When a biz reporter lost her job due a non-compete clause
Stephanie Russell-Kraft writes for Columbia Journalism Review about how she lost her job at Reuters because of a non-compete clause she had signed at her previous employer, Law360.
I know this because a non-compete I signed on my first day at legal news website Law360 in 2013 later derailed my career. After two years and a promotion at Law360, during which time colleagues left for a variety of competing publications, I accepted an offer in the fall of 2015 to join the Reuters legal news team covering the business of law. I considered the move to be a step up in my career. During my second week at the new job, a lawyer from Law360 wrote in a letter to the general counsel of Reuters that I was at risk of violating my non-compete and nondisclosure agreement. He asked that Reuters “take immediate steps to ensure” I did not use the “critical and sensitive proprietary information” I obtained at Law360. I never found out what Law360 meant by that: There’s no secret sauce to scouring court filings in search of a good story.

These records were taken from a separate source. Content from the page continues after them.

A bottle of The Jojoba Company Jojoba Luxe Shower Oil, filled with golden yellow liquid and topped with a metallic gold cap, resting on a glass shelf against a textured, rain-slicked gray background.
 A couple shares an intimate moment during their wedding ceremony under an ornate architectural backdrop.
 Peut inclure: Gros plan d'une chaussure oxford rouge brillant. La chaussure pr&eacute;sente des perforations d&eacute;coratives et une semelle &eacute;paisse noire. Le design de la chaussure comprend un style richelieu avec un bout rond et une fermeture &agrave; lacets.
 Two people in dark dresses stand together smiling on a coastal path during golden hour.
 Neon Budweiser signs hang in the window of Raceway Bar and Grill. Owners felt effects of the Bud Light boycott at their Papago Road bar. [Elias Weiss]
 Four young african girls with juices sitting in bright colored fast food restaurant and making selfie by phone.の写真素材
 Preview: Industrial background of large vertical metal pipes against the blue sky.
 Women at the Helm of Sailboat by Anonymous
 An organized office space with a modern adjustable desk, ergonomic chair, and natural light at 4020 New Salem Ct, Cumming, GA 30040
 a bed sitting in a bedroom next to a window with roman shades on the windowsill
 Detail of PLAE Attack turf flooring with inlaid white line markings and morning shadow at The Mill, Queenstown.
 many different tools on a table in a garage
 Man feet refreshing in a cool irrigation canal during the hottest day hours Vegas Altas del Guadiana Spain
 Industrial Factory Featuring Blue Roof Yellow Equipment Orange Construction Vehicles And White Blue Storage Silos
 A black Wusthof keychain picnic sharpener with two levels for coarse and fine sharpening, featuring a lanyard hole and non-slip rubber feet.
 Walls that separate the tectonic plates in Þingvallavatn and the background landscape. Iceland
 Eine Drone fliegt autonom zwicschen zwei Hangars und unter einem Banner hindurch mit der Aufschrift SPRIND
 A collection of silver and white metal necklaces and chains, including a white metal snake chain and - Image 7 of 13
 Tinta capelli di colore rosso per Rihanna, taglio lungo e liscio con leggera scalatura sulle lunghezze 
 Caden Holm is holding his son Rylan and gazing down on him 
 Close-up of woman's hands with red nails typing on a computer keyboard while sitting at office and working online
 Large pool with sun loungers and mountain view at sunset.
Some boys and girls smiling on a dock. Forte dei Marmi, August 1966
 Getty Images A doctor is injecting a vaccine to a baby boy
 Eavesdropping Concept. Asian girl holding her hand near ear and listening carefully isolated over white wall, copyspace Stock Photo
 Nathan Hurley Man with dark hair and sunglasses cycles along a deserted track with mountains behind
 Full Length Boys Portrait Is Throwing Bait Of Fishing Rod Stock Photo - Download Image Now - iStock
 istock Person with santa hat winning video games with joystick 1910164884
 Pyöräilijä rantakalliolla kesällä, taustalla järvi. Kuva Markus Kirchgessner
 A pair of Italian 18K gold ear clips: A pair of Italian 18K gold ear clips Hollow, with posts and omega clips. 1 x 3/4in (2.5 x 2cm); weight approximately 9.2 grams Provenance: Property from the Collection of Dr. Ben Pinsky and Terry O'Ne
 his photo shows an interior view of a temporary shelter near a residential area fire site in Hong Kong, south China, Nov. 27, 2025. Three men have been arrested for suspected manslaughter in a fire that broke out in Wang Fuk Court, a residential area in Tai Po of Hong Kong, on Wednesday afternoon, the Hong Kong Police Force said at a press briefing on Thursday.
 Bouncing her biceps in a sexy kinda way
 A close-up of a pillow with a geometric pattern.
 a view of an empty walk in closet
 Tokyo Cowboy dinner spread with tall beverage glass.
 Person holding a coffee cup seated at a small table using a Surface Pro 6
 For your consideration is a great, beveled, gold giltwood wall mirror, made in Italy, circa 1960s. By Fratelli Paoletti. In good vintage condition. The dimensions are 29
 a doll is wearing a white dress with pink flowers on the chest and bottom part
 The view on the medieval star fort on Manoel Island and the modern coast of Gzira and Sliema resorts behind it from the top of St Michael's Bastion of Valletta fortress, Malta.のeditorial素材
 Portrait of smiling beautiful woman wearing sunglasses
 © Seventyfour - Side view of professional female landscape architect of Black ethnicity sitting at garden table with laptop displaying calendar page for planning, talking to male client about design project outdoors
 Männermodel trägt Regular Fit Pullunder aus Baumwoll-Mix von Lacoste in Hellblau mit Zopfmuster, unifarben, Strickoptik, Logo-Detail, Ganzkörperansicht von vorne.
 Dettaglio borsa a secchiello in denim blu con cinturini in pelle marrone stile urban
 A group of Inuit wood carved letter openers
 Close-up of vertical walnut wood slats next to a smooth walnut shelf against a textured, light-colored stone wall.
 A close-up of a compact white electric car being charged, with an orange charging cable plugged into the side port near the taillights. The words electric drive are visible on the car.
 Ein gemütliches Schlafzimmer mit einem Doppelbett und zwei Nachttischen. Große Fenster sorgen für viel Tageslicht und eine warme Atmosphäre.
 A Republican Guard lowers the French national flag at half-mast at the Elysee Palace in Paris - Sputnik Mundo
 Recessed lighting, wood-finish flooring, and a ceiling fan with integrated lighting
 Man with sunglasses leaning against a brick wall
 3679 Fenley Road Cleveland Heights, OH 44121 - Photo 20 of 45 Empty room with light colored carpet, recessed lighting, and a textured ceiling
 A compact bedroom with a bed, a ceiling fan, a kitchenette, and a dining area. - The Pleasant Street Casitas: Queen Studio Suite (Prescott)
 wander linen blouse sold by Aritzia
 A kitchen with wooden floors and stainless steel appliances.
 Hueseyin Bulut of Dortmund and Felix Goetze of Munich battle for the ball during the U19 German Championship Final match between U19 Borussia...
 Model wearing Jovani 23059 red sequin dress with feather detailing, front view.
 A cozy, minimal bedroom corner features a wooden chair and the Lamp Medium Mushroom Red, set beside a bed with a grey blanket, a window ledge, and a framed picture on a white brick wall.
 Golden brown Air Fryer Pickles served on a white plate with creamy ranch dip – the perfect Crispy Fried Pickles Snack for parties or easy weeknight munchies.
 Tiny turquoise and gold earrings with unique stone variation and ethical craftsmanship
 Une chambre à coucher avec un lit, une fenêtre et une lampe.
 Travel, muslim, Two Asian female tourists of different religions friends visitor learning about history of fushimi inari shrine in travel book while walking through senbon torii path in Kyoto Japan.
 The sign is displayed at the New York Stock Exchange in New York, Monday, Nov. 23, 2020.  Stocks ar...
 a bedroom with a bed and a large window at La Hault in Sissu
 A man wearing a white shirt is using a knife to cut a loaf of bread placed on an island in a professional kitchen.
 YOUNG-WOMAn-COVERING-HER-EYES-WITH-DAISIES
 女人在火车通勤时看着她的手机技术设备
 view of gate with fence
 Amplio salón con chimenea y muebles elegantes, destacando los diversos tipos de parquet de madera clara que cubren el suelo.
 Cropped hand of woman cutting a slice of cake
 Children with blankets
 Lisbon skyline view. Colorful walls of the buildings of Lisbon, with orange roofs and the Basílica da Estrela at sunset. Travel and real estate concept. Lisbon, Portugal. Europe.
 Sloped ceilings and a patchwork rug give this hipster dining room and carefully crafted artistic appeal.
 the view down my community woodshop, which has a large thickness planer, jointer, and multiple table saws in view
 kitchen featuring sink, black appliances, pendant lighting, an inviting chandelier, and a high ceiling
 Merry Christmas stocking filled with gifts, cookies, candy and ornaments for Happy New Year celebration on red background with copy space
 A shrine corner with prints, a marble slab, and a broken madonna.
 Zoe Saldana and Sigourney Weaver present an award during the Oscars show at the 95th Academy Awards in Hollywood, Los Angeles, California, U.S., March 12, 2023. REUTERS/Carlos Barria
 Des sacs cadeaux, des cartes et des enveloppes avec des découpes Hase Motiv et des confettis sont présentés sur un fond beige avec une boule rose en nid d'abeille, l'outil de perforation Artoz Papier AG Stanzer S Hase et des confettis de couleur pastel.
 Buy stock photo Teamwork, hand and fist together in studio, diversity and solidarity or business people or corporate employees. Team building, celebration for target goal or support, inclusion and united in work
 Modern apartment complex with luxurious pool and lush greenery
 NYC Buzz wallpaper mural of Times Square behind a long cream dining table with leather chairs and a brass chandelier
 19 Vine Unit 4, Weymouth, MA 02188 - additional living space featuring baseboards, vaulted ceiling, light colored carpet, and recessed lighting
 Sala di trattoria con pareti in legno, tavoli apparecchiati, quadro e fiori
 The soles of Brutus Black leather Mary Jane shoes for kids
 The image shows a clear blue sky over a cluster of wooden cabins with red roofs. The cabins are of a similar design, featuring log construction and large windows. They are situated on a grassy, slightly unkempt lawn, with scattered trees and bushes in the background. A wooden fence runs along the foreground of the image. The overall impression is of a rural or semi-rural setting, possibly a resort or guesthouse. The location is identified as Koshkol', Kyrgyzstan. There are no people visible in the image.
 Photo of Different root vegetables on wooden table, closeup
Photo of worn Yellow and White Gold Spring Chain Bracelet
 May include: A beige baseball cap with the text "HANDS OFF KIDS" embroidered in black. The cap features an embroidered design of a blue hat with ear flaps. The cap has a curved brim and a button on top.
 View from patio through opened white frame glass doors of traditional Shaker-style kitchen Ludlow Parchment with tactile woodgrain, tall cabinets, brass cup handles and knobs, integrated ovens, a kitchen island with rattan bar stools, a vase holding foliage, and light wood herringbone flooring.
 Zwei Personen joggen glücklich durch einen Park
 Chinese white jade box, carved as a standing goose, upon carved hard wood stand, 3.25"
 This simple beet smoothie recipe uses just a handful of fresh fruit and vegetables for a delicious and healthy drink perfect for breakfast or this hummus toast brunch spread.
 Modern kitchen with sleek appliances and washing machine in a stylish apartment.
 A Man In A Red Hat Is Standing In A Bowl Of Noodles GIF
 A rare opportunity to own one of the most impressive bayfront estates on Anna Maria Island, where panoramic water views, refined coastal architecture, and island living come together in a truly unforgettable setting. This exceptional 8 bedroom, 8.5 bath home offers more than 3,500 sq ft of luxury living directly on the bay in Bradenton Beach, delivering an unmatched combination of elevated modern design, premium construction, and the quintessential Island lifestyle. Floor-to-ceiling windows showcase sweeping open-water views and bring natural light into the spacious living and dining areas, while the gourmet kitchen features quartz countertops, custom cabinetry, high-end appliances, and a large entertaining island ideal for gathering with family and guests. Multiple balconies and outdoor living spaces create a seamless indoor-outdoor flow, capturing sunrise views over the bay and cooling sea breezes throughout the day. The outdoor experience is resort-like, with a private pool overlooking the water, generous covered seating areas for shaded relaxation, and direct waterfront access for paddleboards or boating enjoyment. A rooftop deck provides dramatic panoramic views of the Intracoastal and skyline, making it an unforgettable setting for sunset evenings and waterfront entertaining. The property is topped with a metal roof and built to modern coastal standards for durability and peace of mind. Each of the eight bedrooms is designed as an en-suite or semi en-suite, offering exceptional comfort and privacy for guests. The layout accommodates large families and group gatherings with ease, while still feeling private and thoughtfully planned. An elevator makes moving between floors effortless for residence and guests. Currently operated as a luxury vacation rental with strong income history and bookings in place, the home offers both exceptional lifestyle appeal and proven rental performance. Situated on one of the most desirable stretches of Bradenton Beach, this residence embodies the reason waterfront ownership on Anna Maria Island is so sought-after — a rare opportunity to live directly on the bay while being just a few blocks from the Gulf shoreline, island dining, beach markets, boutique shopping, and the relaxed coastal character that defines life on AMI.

Reuters fired me two days later, citing my lack of disclosure of the non-compete. Today as a freelancer, I’m making about 40 percent less than my starting salary at Reuters, which included generous overtime and health insurance, among other benefits.
Law360 removed its non-compete provision from editorial employment contracts a year ago in a settlement with the New York Attorney General following an investigation into the potential illegality of the clauses. For me and other reporters who were blocked from taking new jobs, the move was welcome but too late.